DOI: 10.1615/AtomizSpr.2016014231
pages 1361-1384

INVESTIGATION OF RAPID ATOMIZATION AND COLLAPSE OF SUPERHEATED LIQUID FUEL SPRAY UNDER SUPERHEATED CONDITIONS

Shengqi Wu
School of Mechanical Engineering, Shanghai Jiao Tong University, National Engineering Laboratory of Electronic Control Technology, Shanghai, 200240, China
Hujie Pan
School of Mechanical Engineering, Shanghai Jiao Tong University, National Engineering Laboratory of Electronic Control Technology, Shanghai, 200240, China
Min Xu
School of Mechanical Engineering, Shanghai Jiao Tong University, National Engineering Laboratory of Electronic Control Technology, Shanghai, 200240, China
David Hung
University of Michigan-Shanghai Jiao Tong University Joint Institute, Shanghai Jiao Tong University
Tianyun Li
School of Mechanical Engineering, Shanghai Jiao Tong University, National Engineering Laboratory of Electronic Control Technology, Shanghai, 200240, China

ABSTRACT

Flash boiling sprays have demonstrated great potential in improving fuel atomization and evaporation even at very low injection pressure. In this study, fuel spray characteristics of three gasoline direct-injection injectors, namely, a one-hole injector, a six-hole injector, and a one-slot injector, were investigated via high-speed Schlieren technique. Experimental results reveal that different transformations of spray geometry were identified under various test conditions. Under flare flash boiling conditions, an expanded spray structure was observed of the one-hole injector, but collapse sprays were found of the six-hole injector and one-slot injector. The spray collapse led to longer spray penetration of the six-hole injector, but for the one-slot injector, the spray penetration decreased. To unveil this phenomenon, a two-dimensional transparent nozzle was designed to investigate the inner nozzle flow using high-speed microscopic backlit imaging technique. It showed that the vapor bubble was initiated inside the nozzle along the nozzle wall under transition and flare flash boiling conditions. Both vapor bubble size and volume fraction increased with increasing superheat degrees. Much bigger vapor bubbles and larger volume fraction were found under the flare flash boiling conditions.

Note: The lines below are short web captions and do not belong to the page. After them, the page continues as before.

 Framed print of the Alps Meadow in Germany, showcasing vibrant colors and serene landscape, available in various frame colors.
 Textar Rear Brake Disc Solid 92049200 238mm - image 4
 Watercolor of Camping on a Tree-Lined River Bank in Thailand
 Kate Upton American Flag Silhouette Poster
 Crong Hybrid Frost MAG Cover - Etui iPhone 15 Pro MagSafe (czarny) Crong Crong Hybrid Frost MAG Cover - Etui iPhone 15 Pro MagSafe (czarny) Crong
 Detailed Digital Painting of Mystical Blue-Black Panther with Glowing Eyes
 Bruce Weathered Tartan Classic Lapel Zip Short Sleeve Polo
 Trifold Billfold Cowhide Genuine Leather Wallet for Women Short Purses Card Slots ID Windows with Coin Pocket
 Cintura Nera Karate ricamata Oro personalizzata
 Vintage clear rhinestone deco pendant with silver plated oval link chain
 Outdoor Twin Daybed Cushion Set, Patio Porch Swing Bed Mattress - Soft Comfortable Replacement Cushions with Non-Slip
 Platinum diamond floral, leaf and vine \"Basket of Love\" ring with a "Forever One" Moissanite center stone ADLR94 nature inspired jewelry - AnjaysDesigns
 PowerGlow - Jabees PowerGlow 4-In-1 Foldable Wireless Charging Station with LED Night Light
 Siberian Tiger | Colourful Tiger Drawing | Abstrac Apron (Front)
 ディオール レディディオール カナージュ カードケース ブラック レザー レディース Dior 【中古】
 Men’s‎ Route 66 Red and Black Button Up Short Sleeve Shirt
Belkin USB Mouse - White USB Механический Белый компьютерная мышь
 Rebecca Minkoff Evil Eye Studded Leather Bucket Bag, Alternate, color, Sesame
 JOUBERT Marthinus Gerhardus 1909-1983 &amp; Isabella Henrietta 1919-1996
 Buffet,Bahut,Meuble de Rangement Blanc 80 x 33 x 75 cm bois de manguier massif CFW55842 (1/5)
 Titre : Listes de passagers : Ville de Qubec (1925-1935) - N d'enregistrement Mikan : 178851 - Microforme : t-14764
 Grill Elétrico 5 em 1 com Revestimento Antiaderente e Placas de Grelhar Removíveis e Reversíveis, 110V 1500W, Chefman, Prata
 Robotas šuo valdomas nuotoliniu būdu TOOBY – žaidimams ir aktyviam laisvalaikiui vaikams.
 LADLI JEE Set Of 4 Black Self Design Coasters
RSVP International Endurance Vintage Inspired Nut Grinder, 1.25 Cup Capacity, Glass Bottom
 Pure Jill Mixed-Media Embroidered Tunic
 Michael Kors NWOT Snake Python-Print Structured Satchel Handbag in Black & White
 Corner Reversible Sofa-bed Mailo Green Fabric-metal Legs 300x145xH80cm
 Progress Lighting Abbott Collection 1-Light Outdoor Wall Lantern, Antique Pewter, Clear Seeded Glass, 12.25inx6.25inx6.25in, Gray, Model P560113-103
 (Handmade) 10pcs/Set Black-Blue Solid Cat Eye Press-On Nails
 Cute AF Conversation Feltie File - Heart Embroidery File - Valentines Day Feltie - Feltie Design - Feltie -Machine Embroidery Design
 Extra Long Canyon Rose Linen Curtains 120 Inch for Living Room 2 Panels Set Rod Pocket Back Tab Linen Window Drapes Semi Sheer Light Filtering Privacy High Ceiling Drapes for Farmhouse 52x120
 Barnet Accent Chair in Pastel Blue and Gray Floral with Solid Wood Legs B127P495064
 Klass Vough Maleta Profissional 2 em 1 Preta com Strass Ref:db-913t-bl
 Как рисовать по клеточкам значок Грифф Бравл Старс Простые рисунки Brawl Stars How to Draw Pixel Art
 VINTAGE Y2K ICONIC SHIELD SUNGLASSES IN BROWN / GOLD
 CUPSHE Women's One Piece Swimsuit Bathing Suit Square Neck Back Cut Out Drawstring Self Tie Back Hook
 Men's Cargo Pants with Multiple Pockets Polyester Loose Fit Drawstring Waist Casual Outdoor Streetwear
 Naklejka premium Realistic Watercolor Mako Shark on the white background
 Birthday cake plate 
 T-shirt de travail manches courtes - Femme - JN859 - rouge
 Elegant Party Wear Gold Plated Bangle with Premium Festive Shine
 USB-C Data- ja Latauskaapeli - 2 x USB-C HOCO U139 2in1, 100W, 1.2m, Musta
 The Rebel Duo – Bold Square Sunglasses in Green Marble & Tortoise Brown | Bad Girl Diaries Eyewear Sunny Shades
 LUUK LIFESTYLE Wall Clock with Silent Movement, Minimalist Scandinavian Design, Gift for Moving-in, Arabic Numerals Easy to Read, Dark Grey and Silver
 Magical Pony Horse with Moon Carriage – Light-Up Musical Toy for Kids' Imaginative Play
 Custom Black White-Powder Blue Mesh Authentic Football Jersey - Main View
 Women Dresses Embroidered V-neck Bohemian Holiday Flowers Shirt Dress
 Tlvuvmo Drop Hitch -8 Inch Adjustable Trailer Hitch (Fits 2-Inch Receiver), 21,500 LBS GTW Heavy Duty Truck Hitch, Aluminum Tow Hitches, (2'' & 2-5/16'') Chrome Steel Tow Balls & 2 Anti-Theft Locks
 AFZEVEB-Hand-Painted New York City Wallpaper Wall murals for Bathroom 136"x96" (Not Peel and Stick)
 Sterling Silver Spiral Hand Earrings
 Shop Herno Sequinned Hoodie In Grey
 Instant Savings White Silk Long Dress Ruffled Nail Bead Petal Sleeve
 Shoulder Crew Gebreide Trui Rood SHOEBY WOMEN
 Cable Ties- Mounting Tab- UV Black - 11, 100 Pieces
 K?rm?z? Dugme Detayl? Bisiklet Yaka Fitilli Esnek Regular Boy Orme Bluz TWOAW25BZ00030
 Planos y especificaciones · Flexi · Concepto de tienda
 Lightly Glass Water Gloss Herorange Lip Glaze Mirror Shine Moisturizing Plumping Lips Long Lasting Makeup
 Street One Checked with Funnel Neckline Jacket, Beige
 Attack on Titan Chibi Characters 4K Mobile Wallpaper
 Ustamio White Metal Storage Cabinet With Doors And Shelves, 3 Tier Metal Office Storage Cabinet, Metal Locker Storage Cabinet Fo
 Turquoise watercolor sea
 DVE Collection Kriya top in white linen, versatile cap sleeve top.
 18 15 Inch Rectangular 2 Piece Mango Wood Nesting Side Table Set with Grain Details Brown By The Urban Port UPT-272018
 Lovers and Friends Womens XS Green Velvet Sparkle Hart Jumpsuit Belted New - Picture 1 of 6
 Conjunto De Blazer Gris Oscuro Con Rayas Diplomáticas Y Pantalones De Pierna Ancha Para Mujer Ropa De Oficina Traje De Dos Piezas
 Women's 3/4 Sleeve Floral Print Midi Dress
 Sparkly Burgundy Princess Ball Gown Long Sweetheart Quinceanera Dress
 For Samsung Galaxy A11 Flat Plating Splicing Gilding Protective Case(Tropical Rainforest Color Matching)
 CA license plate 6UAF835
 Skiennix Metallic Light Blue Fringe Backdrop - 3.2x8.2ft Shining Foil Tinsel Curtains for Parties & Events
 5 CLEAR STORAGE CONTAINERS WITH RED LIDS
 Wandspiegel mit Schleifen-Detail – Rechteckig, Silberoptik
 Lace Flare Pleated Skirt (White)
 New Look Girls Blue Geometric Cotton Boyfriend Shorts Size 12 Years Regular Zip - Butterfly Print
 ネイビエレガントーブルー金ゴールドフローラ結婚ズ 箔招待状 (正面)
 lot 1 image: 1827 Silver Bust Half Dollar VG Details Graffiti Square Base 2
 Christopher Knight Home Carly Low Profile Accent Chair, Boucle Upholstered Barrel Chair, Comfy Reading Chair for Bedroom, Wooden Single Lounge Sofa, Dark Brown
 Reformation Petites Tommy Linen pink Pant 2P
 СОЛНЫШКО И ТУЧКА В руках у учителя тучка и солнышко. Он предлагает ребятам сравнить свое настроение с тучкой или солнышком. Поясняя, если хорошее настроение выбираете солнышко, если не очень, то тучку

Both in-nozzle vapor bubbles and fuel boiling effect at the nozzle exit contributed to rapid fuel atomization and evaporation process. Contraction or expansion of the spray geometry was dependent on whether in-nozzle bubble or fuel boiling played the dominant role. In summary, more physical insights were revealed into the collapse phenomena and rapid atomization process of flash boiling sprays.